• [PROBLEM REQUIREMENTS]:
For this exercise, an exact copy is needed of only the lines from the one containing "Реплика ножа Miller Brothers Blades M27-2" through the end of the data, with pictures left out.

• [SUPPLIED ENTRIES]:

----

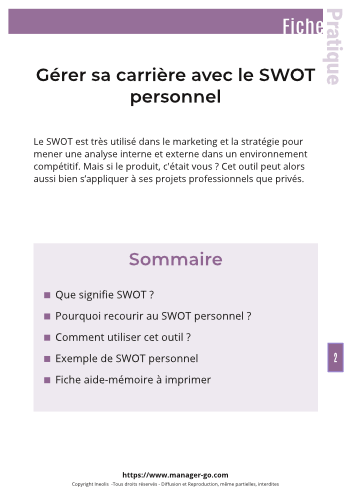 SWOT personnel : gérer sa carrière-3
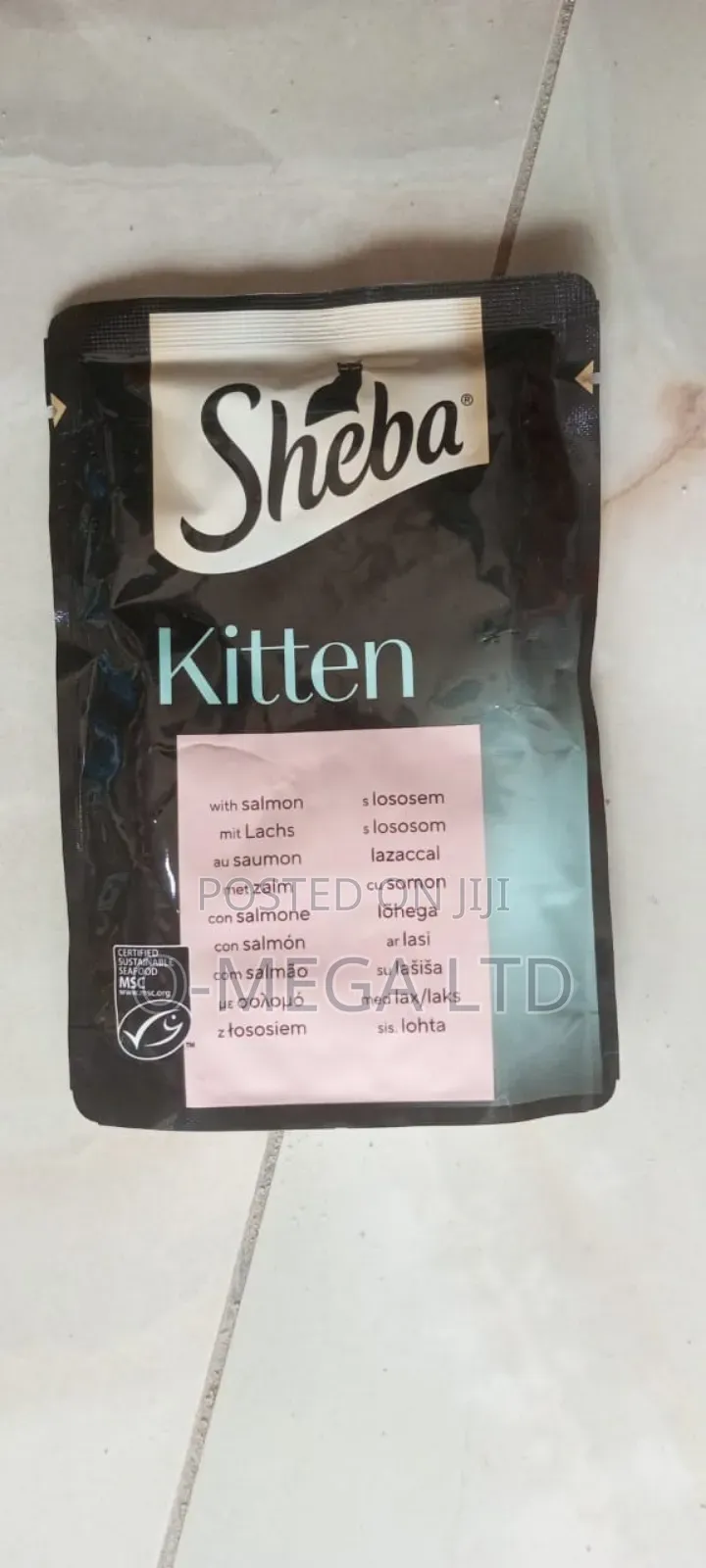 Cat Treats Varieties (Kitten and Adult)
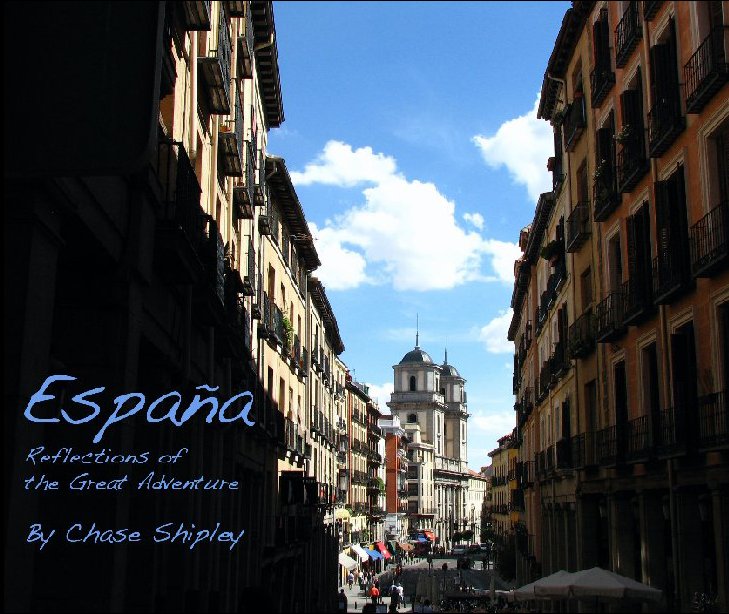Ver Espana por Chase Shipley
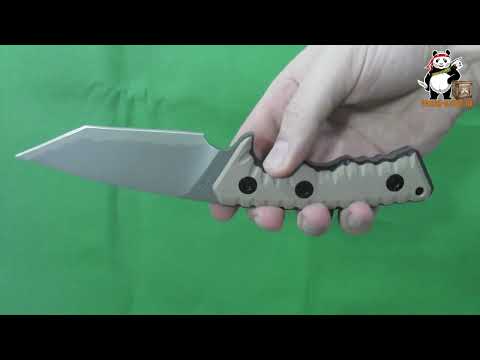 Реплика ножа Miller Brothers Blades M27-2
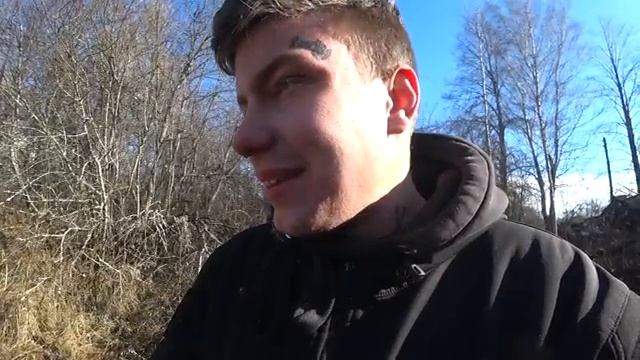 заброшенная деревня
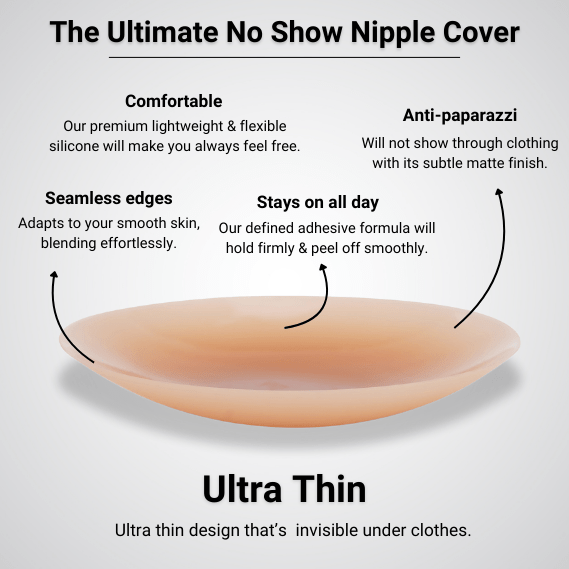 nipple covers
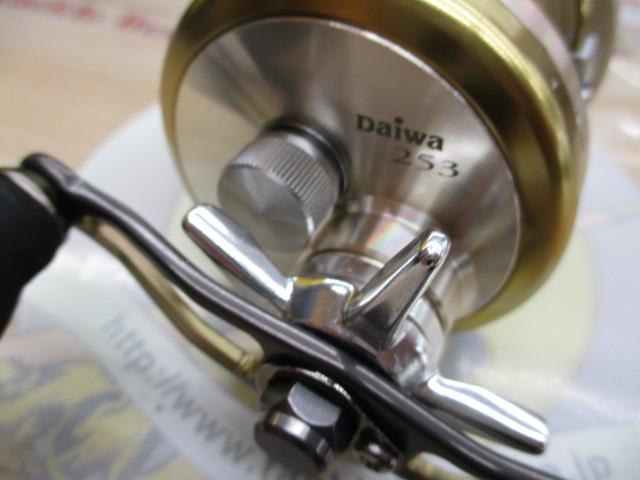 ミリオネアCV-Z 253｜＠ベリーネット 日本最大新品中古釣具WEBショップ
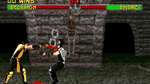 Mortal Kombat II, Saturn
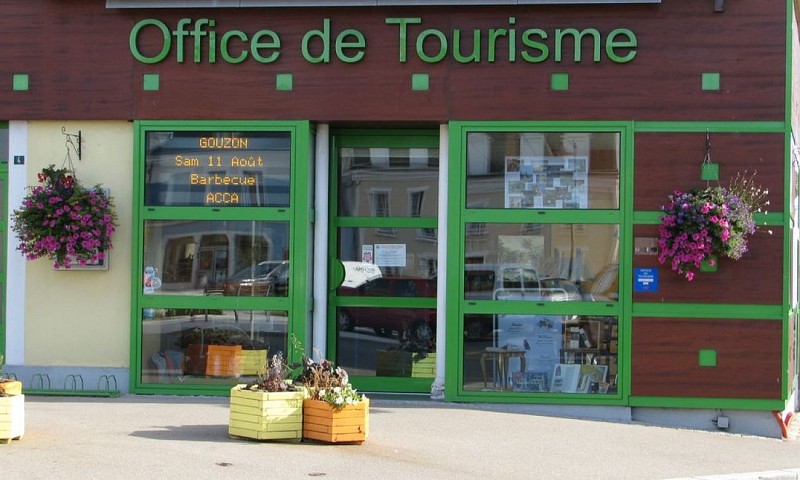 Creuse Confluence Tourisme - Bureau de Gouzon_1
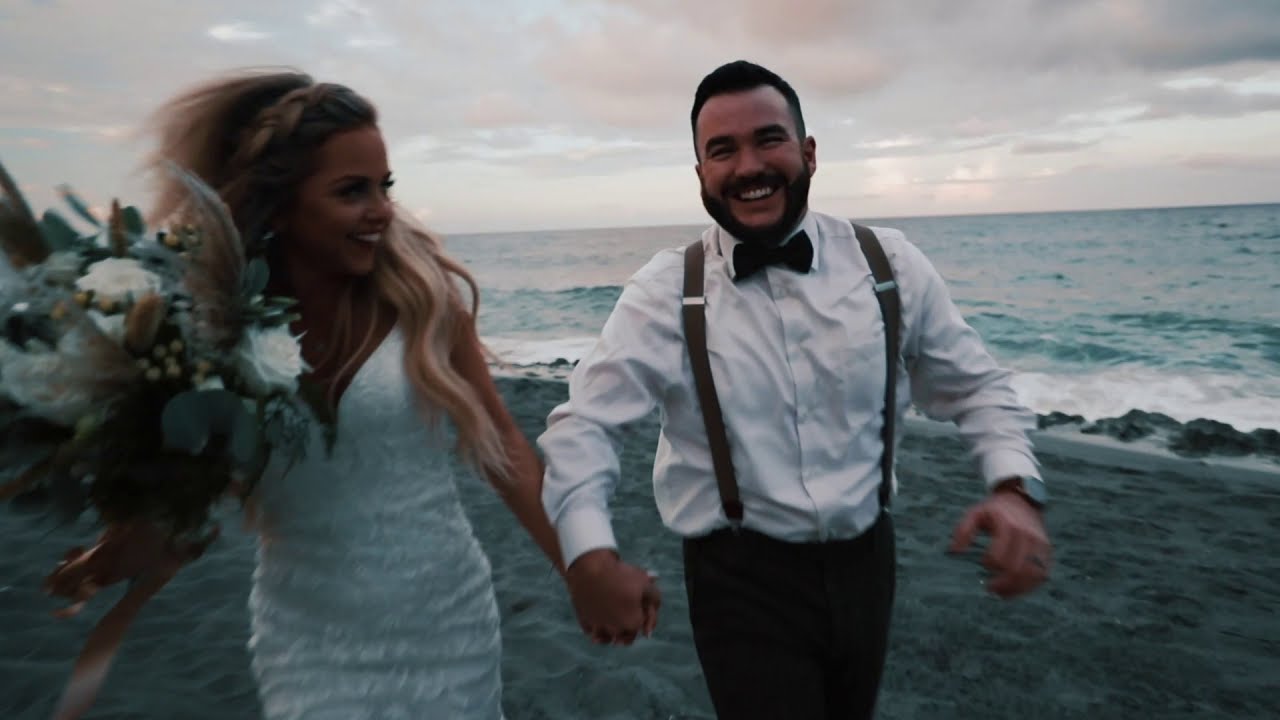 Jupiter Florida Elopement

----

• [EXERCISE OUTPUT]:
 Реплика ножа Miller Brothers Blades M27-2
 заброшенная деревня
 nipple covers
 ミリオネアCV-Z 253｜＠ベリーネット 日本最大新品中古釣具WEBショップ
 Mortal Kombat II, Saturn
 Creuse Confluence Tourisme - Bureau de Gouzon_1
 Jupiter Florida Elopement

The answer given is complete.